24 March 2003
A confluence of ideas and reminders:

The Library's stance toward departments has generally been that our responsibilities are to provide information resources to support (a) teaching and (b) research, and generally to be sensitive to faculty interests in 'developing the collection'. In the past this meant handling the day-to-day chores of maintaining monographic and periodical resources; in the last 5 years, more and more of the Library's time and budget has gone into digital information, in the form of electronic journals and support of online indexes. We can anticipate that over the next 5 years print-journal resources will continue to be duplicated by and in many cases replaced entirely by online access. We can also expect that faculty will become creators of more and more digital information, and anticipate that they will want the Library to take some level of responsibility for collecting, curating, and distributing such digital assets: we see the beginnings of this in digital image projects (the Bent and Connors projects) and digital library experiments (the Digital South and several Special Collections projects). We can also anticipate that more faculty will wish to use digital assets of various sorts in their teaching, and that their needs for support will grow. MIT's DSpace is a prominent example of this phenomenon of digital library development.

We are quite unprepared to cope with these emergent demands, in terms of staff time, developed skills, network resources, and organization. The ad hoc approaches and interest-driven experiments that have characterized our progress to date are not sustainable, and are inadequate to support continued exploration: our successes in the prototype and development phases of projects have created demands for 'production' that strain our resources.
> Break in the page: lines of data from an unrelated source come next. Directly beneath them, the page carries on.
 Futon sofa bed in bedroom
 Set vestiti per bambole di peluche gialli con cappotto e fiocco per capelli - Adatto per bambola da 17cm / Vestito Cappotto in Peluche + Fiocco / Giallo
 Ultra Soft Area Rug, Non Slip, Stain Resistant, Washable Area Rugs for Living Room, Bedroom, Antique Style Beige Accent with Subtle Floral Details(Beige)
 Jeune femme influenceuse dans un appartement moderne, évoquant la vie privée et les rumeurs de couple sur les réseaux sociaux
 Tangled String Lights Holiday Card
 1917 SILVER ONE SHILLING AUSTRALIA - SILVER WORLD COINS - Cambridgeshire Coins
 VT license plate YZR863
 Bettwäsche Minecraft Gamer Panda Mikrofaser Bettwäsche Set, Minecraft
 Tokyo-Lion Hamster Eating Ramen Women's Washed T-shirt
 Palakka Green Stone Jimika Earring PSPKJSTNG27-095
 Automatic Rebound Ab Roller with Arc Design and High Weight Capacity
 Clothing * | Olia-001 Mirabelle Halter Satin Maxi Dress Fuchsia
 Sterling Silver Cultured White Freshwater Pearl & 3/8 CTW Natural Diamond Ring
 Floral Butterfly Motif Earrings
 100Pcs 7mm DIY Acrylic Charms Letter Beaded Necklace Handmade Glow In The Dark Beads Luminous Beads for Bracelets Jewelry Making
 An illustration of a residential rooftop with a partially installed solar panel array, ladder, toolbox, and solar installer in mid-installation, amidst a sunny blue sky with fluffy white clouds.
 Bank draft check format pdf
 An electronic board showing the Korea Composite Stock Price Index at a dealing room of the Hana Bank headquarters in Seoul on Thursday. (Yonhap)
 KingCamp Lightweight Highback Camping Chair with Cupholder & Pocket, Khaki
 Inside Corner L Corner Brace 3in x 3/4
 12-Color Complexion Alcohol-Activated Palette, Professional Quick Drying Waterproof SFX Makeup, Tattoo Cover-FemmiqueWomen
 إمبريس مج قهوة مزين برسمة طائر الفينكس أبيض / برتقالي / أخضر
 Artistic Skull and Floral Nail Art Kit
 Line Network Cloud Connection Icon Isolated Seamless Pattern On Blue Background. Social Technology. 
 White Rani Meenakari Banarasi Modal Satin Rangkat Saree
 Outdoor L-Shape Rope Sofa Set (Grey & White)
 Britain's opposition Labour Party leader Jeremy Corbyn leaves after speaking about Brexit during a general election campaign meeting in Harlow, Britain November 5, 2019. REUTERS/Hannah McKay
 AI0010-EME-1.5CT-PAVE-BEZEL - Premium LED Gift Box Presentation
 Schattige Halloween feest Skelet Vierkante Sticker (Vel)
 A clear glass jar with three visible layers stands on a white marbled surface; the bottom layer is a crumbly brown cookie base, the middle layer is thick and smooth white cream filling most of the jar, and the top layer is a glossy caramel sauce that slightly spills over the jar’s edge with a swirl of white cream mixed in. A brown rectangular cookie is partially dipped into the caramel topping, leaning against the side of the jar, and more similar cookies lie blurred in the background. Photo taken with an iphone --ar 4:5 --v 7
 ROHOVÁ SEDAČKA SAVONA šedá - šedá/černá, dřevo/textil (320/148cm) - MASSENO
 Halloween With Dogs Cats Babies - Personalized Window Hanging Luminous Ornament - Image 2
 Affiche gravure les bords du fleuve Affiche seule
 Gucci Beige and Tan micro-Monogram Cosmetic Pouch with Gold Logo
Our understanding of how people (students, faculty, staff) actually use information is poorly developed and uneven, and consequently our planning for future uses is reliant on an uncomfortably vague combination of pious hopes, extrapolation of past trends, and what we think we discern in peer institutions. What we lack is, on the one hand, empirical data on what our users actually do, and on the other, any proactive institutional strategy to create information resources for the future.

It seems clear that the Library and ITG should be allies in defining and developing strategies and procedures to augment digital content for teaching and learning, but those of us who have been experimenters and visionaries on these frontiers generally feel that support for our efforts has been lukewarm and disengaged. How could this be changed? What resources do we need, and how can we gain access to them?